Hello, I'm new at tarot reading, and don't want to just dive right in to trying to get people to let me do readings on them (although, I would love to) until I get my sea legs, so to speak. I wanted to know what ways are there to practice with them when you don't have other people to do readings on? Do you just do full spreads on yourself? Do you pick a few cards every day just to meditate on their meaning? Do you read and try to memorize meanings by the book? Do you journal what meanings the cards may initially have to you? What is your favorite method? What do you find works for you? What have you found doesn't work so well? Have you encountered any adverse affects from doing anything, and you'd like to let me know? Thanks!
While doing divination for yourself can be excellent practice, your own desired results may interfere with a reading. Just be aware of that, and learn to read the cards objectively.
But yes: the best way to learn tarot, in my opinion, besides just study, is working with the tarot!
I have a couple methods I use for a quick reading, and more often than not I use either a 'what to expect tomorrow' reading or 'what should I have learned today' type reading. I will also use a modified Celtic Cross -- still with ten cards but with a slightly different layout, thanks to somone on YouTube for the advice.
Speaking of YouTube, it's a great place to start with learning. Tarot Oracle has a brief course on tarot divination, and there are others. Some people teach a story for the Major Arcana, called the Fool's Journey. This story can be considerably different depending on your source! There's a version on the Sacred Texts site which uses a differing order as well.
So find different books, videos, web sites (learntarot.com is a good one) and broaden your view. Ultimately, find what works best for you.
The stories told on both of those sights were interesting. I feel like they were both written for different purposes. The first one actually reminded me of a deep rooted nostalgia I frequently feel, especially in nature. The second though seemed more like a glossary, and just a dictionary with a little extra fluff. I liked them both for what they are though.
Is there a version you put more stock in than the rest?
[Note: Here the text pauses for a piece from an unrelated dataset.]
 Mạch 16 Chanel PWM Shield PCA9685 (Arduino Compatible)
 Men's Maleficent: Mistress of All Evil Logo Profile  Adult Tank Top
Are these treated like like actual things to have happened, or fictional stories with a higher purpose than just entertainment? Does it vary from person to person? Does anyone else want to chime in with their favorite versions?
The Fool's Journey is most certainly fictional. It's an allegory about -- depending on the source -- the meanings of the cards or even the journey to enlightenment through ritual magic.
The tarot, from the thread of the Rider Waite deck as for popular designs, is a pictorial representation of a dydtem of magic, though many will simply use it for divination. Each card has correspondences to numerology, astrology, elements, mystical meanings to their associated Hebrew letters, direct symbolism on the card, and the RWS deck is also known for having 'blinds' or misinformation to hide, obscure, or even omit information meant to be included in a Golden Dawn based tarot deck.
Information was obscured because the people who made the deck were sworn to preserve secrets of the Golden Dawn. Much still remains, such as the sephiroht on the veil behind The Empress, represented ting the Tree of Life in a specific aspect in study towards initiation, and much more. Some changes are subtle, such as changing the quantity of specific marks on some cards. Some things are more obscured, changed, or even removed.
Well that's going in the file for interesting things that I need to look in to on a day where I can focus, and really dig in to it. Thank you Prsona for being so helpful in what you've shared. You've given me some really great points to use as starting points to understand all of this better. This should keep my thoughts occupied for quite a substantial time.